Kat Stevens said:
large scale riots are not random, there are always either professional or amateur agitators, usually at the back out of harms way, to whip a crowd into a frenzy then stand back to watch the "fun" they've created.
I had the opportunity, several years ago, to observe a
demonstration that went, very briefly, “bad” but which was, very quickly, “put right.”

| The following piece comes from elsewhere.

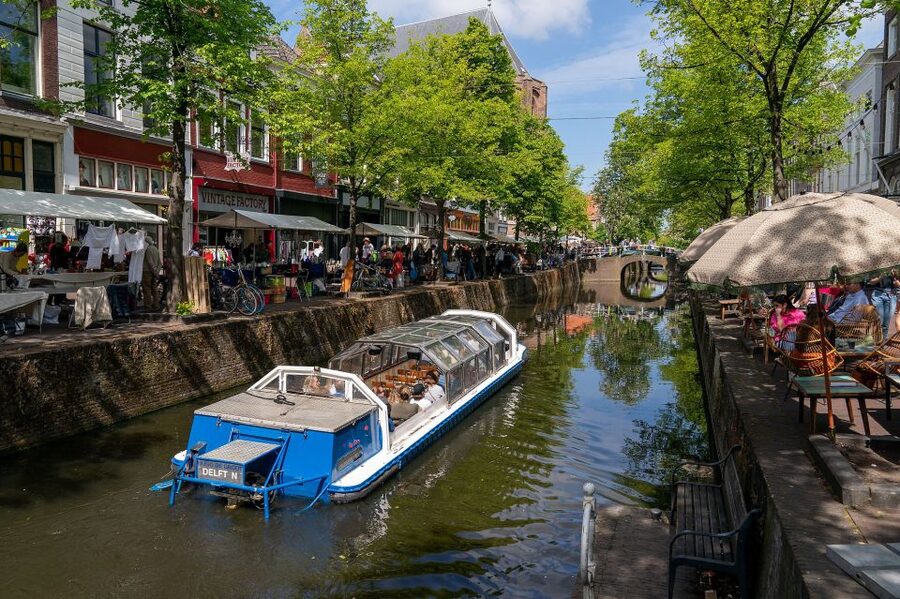 Delft: Canal Cruise with Guided Commentary - The Boat, Roof, and Seating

This was in a friendly, democratic but very
foreign country.
The
demonstration began
cheerfully enough with a march, lots of horns and bells and lots of civilian riot police standing by – blocking access to a few streets. No problems. Then a few masked
agitators, quite visible, began to throw rocks and do damage to private property. A police
flying squad appeared and very quickly, very effectively and very (and very publicly)
brutally grabbed the
agitators, but only after some quite
heavy and again very visible baton work – heads and bones were broken. The
agitators were whisked away and the
demonstration returned to “normal.” Later that day a citizen – our hotel manager, if I recall – explained that while demonstrations were allowed, as a matter of
right, property damage and dangerous acts, like rock throwing, were
intolerable to all citizens, not just the police.
So, yes, there are
agitators who, as a matter of tactics,
want to provoke “police brutality” because they
believe that most of us
believe that property damage and rock throwing (which can endanger people) is some sort of
civil right.
To the extent that some of us do think rock throwing and property damage are part and parcel of
lawful assembly and
free speech then, to that exact same extent,
we they are fools.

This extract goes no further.